Archive

Archive for June, 2007

Where Are They Now?

June 23rd, 2007
Comments Off

The Computer Science department’s web site now includes profiles of two ex-49ers: Petcharat (Apple) Viriyakattiyaporn, who is starting grad school at UBC this fall, and Michelle Levesque, who is now in the testing group at Google. It’s pretty cool to see where our former students wind up, and what they do.

Uncategorized

If You’re Not In the Pub on Thursday…

June 22nd, 2007
Comments Off

…you may want to check out Bill Moggridge’s talk at the Design Exchange in Toronto.

Uncategorized

Six Weeks and Counting

June 22nd, 2007
Comments Off

Today is the end of week 6 for our summer students. In three weeks’ time, on July 13, we’ll be deciding which of the things they’ve been building are going into the end-of-summer releases of their projects, and which are going to be pushed back until December. So far, things are looking pretty good:

  • The DrProject dashboard is finished and merged.
  • The port of DrProject to SQLAlchemy is almost complete (except for the mail subsystem) — we should be merging it into the trunk starting next week.
  • The model for the new ticketing system is working, and Jeff and DC are prototyping a UI. Meawhile, Alex has started work on over-the-web self-registration, which keeps moving up the importance list.
  • There have been a host of bug fixes and performance improvements to OLM, and thanks to Jay Goldman at Radiant Core, the team has a pile of good, feasible UI fixes queued up.
  • The Eclipse interface for OLM is making steady progress: Florian has a command-line Java client that can push and pull data, and will start building the GUI plugin soon.
  • After a few false starts, Xiaoyang is on track with his Mylyn (formerly Mylar) work — you should be able to preview wiki text edits in Eclipse shortly.
  • UTest is up and running after many “adventure” getting the virtual machine configured; Pardis is tidying up the UI, and will then work on filtering error messages more exactly.
  • Tony’s first white paper (on gender equity in computing) is in review, and the second one (on patents) should be in early next week. After that, it’s censorship, then surveillance, or vice versa.
  • My first major grant application is aaaaaaalmost finished — one more form, a few minor tidy-ups, some signatures, and it’ll be on its way to Ottawa. No idea what the odds of acceptance are, but the seven letters of support I received from local companies will help a lot.

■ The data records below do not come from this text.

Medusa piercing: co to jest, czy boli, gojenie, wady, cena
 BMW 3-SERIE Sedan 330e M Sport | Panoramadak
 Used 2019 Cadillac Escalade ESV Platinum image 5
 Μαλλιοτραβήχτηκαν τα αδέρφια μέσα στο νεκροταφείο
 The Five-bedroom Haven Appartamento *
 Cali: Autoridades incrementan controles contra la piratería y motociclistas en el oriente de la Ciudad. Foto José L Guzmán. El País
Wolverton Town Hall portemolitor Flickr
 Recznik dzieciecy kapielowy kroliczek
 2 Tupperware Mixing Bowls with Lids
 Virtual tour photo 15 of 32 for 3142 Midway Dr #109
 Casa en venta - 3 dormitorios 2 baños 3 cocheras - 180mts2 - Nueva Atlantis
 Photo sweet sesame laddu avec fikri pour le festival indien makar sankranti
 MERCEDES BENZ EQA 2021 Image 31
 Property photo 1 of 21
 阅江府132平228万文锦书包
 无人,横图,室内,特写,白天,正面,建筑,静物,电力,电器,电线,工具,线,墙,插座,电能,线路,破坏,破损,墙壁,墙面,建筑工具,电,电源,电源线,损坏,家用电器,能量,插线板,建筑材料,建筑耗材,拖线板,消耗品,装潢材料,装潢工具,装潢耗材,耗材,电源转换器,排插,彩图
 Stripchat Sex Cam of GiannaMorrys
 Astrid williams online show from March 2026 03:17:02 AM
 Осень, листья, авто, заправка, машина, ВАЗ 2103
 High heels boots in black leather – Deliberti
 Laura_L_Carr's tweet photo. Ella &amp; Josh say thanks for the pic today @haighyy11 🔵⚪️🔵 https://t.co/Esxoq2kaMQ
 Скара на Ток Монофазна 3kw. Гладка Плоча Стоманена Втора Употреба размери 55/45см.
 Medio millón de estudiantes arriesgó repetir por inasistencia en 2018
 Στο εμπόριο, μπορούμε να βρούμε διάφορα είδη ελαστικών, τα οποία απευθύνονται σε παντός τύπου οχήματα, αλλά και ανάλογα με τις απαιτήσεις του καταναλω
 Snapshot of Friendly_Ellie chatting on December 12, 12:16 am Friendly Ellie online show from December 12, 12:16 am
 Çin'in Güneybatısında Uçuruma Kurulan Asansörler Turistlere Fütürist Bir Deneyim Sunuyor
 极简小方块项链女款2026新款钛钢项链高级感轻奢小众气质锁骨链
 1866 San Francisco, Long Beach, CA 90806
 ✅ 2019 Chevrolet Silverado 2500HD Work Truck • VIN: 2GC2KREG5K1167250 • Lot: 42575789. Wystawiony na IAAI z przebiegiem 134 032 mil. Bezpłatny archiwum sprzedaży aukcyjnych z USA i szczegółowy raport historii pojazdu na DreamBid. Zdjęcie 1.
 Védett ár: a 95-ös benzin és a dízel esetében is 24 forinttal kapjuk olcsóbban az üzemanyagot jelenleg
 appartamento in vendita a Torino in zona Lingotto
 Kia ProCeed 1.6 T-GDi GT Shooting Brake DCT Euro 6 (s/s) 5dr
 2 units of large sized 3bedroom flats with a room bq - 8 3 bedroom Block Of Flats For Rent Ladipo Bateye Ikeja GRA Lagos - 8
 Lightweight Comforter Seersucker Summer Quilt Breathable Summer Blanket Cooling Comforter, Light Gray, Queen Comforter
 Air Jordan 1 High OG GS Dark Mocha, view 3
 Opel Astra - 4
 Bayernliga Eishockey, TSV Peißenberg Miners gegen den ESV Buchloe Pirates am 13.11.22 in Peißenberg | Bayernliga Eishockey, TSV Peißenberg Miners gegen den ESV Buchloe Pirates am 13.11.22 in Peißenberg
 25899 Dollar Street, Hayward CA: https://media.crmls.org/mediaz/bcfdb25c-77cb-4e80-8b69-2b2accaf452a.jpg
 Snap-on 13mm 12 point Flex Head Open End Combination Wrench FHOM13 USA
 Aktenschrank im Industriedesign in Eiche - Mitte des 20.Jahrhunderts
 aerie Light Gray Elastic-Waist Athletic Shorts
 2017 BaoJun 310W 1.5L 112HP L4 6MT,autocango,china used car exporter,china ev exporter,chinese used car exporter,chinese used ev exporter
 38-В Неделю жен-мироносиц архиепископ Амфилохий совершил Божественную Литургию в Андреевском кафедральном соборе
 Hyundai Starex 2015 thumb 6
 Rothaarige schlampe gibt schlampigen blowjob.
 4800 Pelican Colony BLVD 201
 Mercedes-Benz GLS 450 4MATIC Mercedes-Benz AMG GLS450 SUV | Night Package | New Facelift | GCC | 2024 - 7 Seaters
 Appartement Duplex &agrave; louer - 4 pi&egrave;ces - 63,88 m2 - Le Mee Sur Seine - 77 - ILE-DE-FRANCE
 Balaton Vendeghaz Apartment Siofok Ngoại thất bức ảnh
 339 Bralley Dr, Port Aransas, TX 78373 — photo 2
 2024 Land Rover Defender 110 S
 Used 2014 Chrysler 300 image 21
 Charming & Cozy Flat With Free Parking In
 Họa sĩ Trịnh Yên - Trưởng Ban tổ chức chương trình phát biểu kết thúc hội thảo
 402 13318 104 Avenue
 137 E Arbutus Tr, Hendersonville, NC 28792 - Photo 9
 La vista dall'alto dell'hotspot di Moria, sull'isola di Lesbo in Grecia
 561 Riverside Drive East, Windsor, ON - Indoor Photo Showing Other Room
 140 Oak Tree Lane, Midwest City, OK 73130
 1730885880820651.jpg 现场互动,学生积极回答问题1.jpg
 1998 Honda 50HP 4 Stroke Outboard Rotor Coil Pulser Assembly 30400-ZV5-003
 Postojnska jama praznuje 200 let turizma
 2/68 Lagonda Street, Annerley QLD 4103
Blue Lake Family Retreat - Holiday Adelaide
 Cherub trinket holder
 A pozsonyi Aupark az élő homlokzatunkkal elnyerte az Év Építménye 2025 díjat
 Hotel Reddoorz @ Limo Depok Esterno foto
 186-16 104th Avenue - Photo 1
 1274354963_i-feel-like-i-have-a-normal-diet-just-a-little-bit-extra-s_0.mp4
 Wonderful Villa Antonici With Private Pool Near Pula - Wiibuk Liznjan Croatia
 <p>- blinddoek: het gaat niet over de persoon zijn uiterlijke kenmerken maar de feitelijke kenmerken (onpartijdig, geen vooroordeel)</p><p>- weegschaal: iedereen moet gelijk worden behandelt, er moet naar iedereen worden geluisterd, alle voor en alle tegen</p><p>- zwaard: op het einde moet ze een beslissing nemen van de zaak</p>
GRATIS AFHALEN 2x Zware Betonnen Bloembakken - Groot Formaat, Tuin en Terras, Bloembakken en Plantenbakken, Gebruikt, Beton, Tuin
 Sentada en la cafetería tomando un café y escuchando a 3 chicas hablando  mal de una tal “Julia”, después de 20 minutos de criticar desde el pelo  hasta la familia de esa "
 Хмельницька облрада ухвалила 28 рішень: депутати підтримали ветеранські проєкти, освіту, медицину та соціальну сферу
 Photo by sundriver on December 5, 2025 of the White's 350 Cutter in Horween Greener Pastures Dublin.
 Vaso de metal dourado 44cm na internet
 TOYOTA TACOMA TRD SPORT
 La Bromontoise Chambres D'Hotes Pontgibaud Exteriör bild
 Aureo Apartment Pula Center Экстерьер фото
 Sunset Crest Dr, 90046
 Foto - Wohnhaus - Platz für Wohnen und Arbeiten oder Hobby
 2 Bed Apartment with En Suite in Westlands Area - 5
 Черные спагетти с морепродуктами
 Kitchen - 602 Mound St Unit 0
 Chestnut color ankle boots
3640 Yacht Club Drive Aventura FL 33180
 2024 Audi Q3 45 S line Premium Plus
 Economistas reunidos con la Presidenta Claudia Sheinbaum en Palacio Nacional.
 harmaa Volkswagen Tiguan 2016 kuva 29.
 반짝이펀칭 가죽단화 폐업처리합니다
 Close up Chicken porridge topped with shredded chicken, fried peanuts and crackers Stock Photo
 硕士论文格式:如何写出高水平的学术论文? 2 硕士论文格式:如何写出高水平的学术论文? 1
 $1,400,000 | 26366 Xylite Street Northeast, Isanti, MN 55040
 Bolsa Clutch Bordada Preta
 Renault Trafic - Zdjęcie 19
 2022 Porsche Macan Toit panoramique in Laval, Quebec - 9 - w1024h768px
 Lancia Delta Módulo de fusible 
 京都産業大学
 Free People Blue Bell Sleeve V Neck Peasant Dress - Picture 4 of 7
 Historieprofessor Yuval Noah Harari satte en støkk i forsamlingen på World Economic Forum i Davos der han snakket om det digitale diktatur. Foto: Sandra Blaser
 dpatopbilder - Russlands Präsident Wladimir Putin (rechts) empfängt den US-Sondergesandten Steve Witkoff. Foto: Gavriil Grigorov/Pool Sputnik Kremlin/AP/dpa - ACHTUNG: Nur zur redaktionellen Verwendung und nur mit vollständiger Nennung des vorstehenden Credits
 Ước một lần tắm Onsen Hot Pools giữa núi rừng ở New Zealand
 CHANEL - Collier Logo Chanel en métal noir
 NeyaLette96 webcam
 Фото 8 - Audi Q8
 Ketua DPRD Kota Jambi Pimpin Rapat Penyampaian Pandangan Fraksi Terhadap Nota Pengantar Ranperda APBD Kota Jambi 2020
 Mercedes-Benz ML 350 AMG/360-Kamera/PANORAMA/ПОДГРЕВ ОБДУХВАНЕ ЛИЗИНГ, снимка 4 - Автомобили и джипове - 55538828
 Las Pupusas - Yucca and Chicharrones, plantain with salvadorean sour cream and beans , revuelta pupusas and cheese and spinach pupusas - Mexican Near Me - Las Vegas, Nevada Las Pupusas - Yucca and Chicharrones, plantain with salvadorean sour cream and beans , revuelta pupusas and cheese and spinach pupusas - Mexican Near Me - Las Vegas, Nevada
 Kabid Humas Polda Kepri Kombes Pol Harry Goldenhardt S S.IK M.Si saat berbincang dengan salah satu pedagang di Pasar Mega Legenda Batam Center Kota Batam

Going meta for a moment, this is the fourth year that Karen Reid, Jennifer Campbell, and I have hired a bunch of students, and I think it’s gone very well from a management point of view: everyone has somewhere to do their work, and knows what they’re supposed to be working on, and everyone is getting paid on time. I’m very pleased, and also very impressed.

DrProject

A Distributed Single Point of Failure

June 21st, 2007
Comments Off

Artur Bergman draws attention yet again to the fact that big players in the web services arena make no guarantees about service levels; in fact, their terms of agreement give them the right to turn off the tap at any time.  In the comments, Doug Kaye points out that their low price and high availability make them an excellent bet for startups anyway.

Uncategorized

Local Entrepreneurs

June 21st, 2007
Comments Off

David Crow points to mainstream media stories about two Toronto-area tech entrepreneurs who’ve made good.  Coincidentally, David’s going to be on campus next Tuesday to talk to students; I’m looking forward to hearing about his own successes…

Uncategorized

Where Are People Clicking?

June 20th, 2007
Comments Off

This demo from Crazy Egg is pretty cool — slow, but cool. I’d be interested in hearing from web site admins whether it’s also useful…

Uncategorized

Electronic Books

June 20th, 2007
Comments Off

Cool post from Tim O’Reilly about the 21st Century’s equivalent of the electric buggy whip ;-) .  (OK, it’s actually cooler than that, but I couldn’t resist the analogy…)

Uncategorized

Catching Up on My Reading

June 20th, 2007
Comments Off

UPS has screwed up again (their success rate delivering stuff to me is roughly 50%, compared to 100% for FedEx and Canada Post), so I have a few minutes to summarize the rest of the ICSE’07 papers I’ve been reading on the way to and from work this past week.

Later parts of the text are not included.